Ma da molti altri punti di vista la tesi di Losurdo si può mettere in discussione. In primo luogo, tirare in ballo autori come Slavoj Zizek o Alain Badiou mi sembra un po’ fuorviante, perché non mi pare che appartengano, a rigore, alla storia del «marxismo occidentale» come esperienza culturale precisa e definita. Tra coloro che invece ne fanno parte veramente, l’attenzione e l’interesse per la rivoluzione anticoloniale non è affatto un fenomeno isolato.
LUKÁCS se ne occupa nel suo libro su Lenin del 1924. Ed è Losurdo stesso a ricordarlo. Sartre firma la prefazione ai Dannati della terra di Franz Fanon, e fa quindi dell’anticolonialismo un tema centrale del suo pensiero – anche se per Losurdo si tratta di un anticolonialismo «populista e idealista». Althusser studia con attenzione il più «orientale» dei marxismi, quello di Mao (lo valorizza anche troppo?).
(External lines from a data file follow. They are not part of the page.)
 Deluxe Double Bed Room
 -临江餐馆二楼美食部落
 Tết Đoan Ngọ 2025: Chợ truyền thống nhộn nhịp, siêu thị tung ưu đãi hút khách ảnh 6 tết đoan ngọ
Marcuse, infine, conferisce una vera centralità alle lotte antimperialiste, come del resto fa il movimento del Sessantotto (nato contro la guerra del Vietnam) che di marxismo occidentale si è ampiamente nutrito. Ma se le cose stanno così, come Losurdo stesso riconosce, dov’è allora il problema con il marxismo occidentale? Non si dovrebbe dire semplicemente che in esso convivono, per quanto riguarda la rivoluzione anticoloniale, posizioni diverse? Perché invece una critica generalizzata?
IL PUNTO EMERGE bene nelle pagine che Losurdo dedica a Marcuse: dopo avere riportato passaggi inequivocabili dei suoi testi, Losurdo nota, però, che Marcuse sostiene anche che vincere la battaglia antimperialista «non ha ancora nulla a che fare con la costruzione di una società socialista». Il vero nodo insomma è il dissenso su come si debba intendere l’emancipazione socialista o comunista: per gli «occidentali» le rivoluzioni d’Oriente sono sostanzialmente altra cosa da quella emancipazione che Marx aveva in mente e nella quale essi ancora vogliono credere. Per Losurdo sono l’unica rivoluzione reale, storicamente attestata e vincente (e pazienza se questo sposta di molto il quadro marxiano). La questione dunque trascende decisamente la storia del marxismo e diventa un nodo teorico-politico di portata molto più generale.